Since our previous home loan report the likelihood of more rises, not cuts has emerged.

As one economist noted: "The upward pressure on interest rates has still not completely passed."

The problem which exists is that the country's economic growth rate has slowed, exactly what the Reserve Bank's hikes in interest rates set out to achieve, however inflation is still high, sitting at around 3% annually and expected to stay around this level for the next couple of years.

The central bank has taken the view that it will keep its Official Cash Rate at 7.25% for the foreseeable future and cuts are possible around the second half of next year.

However, if it doesn't stick to this plan and decides it needs to tackle inflation then there is the prospect of rates going up again.

In the home loan market we are likely to see the floating rate and short-term rates follow the pattern of what is happening in New Zealand.
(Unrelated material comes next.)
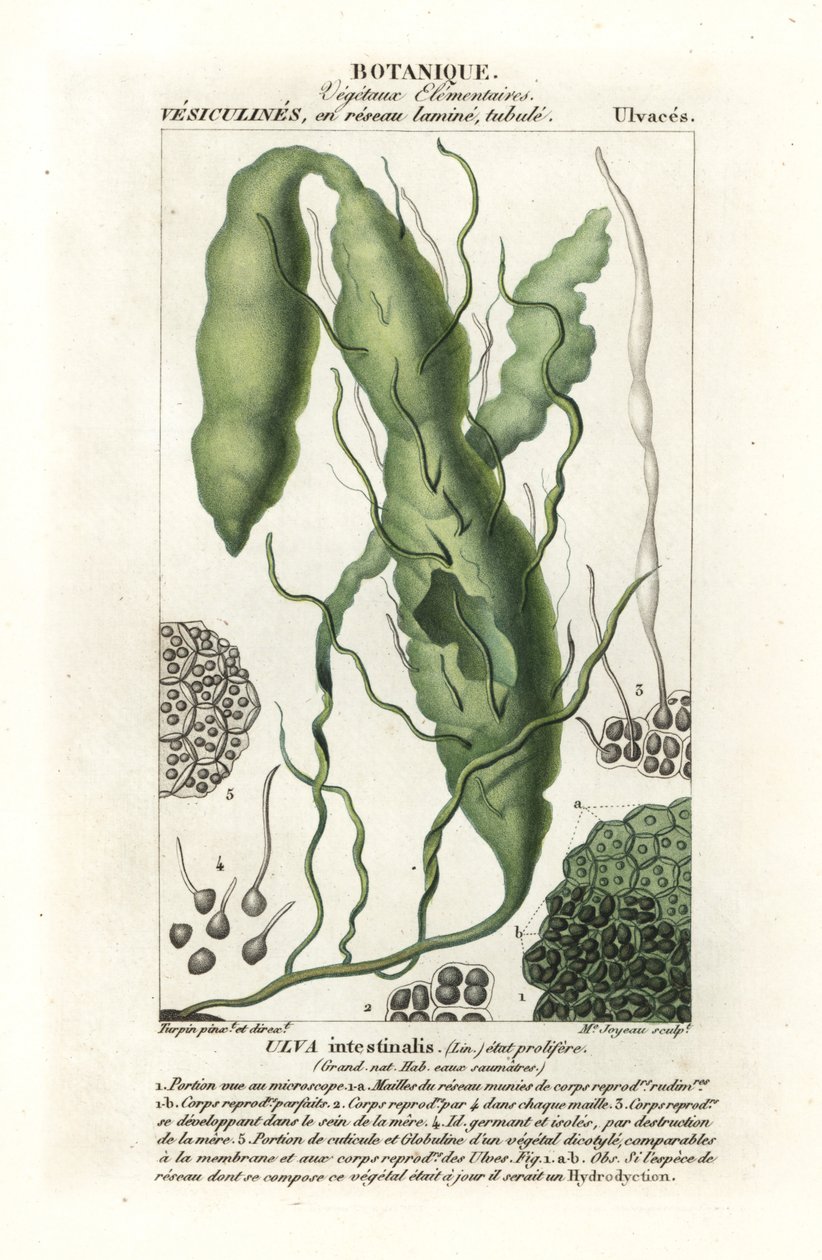 Gutweed veya ot yosunu, Ulva intestinalis by Stanghi Stanghi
In the longer term market rates will follow what is going on overseas - and that is a different story altogether following comments from United State Federal Reserve chairman Ben Bernanke. He rocked markets with recent comments on inflation, and since then expectations for US monetary policy have shifted dramatically.

A rate hike this week is viewed as a done deal. Another monetary tightening in either August or September is also expected.

That means longer term rates in New Zealand will almost invariably rise.

During the past week the trend has been for rates to keep increasing. Amongst the banks ASB, Bank Direct and TSB have increased their rates.

ASB increased most of its rates by 5 to 30 points - although its 2-year rate remains the same and its 5-year rate decreased by 5 points. Bank Direct increased all fixed rates by 5 to 20 points and TSB's 3 to 5 year rates increase by 10 to 15 point.